$A$ cylindrical log of wood of height $h$ and area of cross-section $A$ floats in water. It is pressed and then released. Show that the log would execute $SHM$ with a time period $T = 2\pi \sqrt{\frac{m}{A\rho g}}$,where $m$ is the mass of the body and $\rho$ is the density of the liquid.

(N/A) Let the log be pressed downward by a small displacement $y$. The additional volume of liquid displaced by the log is $V_{disp} = A \times y$.
The additional buoyant force $F_b$ acting on the log due to this extra displaced volume is equal to the weight of the displaced liquid:
$F_b = V_{disp} \times \rho \times g = (A \times y) \times \rho \times g = (A \rho g) y$.

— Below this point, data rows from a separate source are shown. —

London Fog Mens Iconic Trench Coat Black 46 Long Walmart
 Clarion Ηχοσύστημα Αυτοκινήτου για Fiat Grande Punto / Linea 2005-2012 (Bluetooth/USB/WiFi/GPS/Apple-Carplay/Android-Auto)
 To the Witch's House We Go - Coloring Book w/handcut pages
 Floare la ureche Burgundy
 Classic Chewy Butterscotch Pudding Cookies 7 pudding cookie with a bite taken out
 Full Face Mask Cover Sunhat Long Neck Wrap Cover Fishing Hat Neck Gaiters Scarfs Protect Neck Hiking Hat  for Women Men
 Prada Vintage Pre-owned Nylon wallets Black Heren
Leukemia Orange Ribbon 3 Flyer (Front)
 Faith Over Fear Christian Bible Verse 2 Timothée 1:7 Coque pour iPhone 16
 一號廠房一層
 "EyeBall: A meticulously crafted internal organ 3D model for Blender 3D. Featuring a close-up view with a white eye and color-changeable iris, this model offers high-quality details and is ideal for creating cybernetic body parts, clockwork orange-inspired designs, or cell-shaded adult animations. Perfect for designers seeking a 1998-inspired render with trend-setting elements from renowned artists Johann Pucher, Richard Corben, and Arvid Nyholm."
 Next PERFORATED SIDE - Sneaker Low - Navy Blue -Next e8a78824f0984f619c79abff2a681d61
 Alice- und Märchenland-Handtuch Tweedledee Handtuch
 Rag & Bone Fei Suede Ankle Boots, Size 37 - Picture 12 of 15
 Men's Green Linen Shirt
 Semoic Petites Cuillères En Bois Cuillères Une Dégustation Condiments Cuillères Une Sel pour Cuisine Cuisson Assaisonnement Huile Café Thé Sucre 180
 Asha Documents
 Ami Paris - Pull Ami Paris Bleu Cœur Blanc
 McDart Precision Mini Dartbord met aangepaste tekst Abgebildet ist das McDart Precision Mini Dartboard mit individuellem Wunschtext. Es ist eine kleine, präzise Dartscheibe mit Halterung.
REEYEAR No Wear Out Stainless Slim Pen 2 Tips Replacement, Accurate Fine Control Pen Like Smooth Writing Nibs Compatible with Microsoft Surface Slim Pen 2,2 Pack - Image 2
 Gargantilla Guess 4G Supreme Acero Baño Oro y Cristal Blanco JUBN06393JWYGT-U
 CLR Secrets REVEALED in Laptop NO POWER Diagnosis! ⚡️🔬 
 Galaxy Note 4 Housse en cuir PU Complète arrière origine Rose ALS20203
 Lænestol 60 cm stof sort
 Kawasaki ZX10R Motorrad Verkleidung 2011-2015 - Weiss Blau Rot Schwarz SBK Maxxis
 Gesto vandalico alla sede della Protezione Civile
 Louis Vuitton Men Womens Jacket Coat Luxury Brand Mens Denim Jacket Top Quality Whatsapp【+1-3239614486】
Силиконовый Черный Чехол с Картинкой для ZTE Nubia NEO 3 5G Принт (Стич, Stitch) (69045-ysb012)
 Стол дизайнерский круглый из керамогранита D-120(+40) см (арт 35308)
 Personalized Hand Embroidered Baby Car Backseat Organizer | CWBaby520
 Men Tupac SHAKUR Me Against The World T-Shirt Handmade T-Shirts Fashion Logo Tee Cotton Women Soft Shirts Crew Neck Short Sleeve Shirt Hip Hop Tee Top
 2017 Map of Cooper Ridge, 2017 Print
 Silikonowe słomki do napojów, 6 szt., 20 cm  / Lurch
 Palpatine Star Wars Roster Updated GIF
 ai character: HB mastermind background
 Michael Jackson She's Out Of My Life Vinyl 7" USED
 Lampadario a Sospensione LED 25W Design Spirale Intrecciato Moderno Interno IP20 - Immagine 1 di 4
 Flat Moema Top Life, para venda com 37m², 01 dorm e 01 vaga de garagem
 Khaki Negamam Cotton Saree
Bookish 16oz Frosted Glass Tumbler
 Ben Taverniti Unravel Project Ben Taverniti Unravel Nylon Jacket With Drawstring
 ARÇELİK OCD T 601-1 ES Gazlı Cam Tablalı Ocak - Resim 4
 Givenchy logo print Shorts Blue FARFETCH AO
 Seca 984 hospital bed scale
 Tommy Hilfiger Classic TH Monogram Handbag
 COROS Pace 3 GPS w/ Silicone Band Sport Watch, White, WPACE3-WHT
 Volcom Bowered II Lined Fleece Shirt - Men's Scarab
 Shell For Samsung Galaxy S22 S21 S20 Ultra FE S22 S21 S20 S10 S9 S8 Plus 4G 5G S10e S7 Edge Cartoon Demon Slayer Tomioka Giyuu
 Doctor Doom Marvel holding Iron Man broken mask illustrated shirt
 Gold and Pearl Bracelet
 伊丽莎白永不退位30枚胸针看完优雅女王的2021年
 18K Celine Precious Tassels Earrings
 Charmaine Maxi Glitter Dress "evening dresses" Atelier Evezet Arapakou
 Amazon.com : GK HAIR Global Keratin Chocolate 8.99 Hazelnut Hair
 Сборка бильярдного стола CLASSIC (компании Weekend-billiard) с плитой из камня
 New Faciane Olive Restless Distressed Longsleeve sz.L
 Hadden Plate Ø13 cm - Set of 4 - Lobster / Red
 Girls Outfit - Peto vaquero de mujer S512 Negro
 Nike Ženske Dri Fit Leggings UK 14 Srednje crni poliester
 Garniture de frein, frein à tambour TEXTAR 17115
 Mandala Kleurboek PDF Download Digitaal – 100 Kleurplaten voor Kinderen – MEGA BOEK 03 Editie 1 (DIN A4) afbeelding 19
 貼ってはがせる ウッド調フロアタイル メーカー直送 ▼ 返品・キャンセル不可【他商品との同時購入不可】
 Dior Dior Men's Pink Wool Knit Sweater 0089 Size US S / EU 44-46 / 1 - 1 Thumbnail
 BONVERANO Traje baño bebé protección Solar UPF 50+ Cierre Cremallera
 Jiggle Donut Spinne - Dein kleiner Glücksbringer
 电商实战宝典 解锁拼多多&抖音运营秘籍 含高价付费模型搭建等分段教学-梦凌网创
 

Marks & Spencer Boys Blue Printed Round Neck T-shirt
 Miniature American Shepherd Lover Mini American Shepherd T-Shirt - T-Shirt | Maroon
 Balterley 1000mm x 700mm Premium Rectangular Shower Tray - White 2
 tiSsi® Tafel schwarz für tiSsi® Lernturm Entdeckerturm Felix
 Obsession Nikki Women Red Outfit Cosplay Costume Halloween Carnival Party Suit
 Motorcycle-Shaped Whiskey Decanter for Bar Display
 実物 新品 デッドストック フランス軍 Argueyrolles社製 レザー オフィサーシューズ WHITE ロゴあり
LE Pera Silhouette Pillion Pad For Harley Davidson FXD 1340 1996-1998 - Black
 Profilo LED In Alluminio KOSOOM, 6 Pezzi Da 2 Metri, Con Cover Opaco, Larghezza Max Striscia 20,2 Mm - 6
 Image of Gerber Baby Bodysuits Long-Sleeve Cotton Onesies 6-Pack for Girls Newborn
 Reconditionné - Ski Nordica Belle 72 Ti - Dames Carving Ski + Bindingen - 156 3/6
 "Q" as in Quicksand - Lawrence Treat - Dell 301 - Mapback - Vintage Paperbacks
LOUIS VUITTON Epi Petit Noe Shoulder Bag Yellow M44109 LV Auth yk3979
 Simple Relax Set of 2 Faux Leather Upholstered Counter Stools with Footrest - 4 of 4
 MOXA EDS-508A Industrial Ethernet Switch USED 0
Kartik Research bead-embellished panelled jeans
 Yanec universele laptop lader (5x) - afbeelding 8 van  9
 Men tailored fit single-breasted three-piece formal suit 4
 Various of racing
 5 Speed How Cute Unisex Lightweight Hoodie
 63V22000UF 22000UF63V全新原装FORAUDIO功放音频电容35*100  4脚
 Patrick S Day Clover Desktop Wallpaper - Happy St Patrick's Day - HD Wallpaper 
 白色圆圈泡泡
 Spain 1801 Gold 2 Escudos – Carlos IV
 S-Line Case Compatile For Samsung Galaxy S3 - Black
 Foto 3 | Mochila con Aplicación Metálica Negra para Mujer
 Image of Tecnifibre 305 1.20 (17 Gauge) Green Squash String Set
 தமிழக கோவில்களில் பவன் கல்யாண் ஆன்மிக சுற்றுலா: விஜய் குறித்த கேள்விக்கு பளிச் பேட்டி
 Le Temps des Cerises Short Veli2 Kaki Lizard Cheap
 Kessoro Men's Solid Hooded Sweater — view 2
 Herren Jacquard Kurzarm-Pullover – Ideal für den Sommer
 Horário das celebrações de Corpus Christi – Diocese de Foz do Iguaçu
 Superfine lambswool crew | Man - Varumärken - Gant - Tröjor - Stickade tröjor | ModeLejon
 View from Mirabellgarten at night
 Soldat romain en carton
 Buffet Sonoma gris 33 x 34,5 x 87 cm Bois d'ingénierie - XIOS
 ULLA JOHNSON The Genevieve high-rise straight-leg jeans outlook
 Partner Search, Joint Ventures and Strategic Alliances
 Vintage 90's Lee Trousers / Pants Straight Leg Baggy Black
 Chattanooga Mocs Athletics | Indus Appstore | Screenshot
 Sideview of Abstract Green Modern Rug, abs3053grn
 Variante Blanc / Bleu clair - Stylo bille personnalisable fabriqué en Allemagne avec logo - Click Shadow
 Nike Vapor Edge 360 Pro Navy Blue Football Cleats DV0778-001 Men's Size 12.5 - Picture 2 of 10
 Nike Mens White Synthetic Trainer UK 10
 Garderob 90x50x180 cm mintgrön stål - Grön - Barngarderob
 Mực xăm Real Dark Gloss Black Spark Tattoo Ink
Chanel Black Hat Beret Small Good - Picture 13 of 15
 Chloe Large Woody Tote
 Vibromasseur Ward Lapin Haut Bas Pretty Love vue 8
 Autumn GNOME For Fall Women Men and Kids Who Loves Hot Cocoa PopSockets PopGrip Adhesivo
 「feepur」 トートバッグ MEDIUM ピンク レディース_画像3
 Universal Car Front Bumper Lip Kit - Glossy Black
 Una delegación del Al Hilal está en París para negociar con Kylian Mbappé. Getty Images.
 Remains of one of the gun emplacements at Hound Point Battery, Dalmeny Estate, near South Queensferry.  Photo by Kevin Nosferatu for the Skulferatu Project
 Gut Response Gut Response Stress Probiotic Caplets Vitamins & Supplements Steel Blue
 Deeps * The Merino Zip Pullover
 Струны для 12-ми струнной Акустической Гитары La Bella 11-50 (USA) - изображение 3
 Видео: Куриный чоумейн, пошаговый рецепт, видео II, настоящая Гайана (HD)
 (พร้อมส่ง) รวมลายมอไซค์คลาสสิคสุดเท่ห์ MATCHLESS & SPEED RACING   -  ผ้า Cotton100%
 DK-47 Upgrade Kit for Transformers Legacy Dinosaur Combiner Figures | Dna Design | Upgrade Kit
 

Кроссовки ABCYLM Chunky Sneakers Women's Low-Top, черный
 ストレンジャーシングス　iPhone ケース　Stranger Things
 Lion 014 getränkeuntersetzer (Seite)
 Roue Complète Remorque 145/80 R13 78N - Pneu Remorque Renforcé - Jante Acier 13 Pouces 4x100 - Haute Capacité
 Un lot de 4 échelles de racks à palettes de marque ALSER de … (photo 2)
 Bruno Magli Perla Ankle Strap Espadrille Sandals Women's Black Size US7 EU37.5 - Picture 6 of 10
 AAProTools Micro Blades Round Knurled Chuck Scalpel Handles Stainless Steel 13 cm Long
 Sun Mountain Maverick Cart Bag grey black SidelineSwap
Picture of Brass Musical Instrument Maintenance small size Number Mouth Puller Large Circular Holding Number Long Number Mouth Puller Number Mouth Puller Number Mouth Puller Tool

Since this buoyant force acts in the direction opposite to the displacement $y$,the restoring force $F$ is:
$F = - (A \rho g) y$.
This equation is of the form $F = -ky$,where $k = A \rho g$ is the effective force constant.
Since the restoring force is directly proportional to the displacement and directed towards the equilibrium position,the motion of the log is Simple Harmonic Motion $(SHM)$.
The time period $T$ of $SHM$ is given by:
$T = 2\pi \sqrt{\frac{m}{k}}$.
Substituting $k = A \rho g$ into the formula:
$T = 2\pi \sqrt{\frac{m}{A \rho g}}$.
Thus,it is proved that the log executes $SHM$ with the given time period.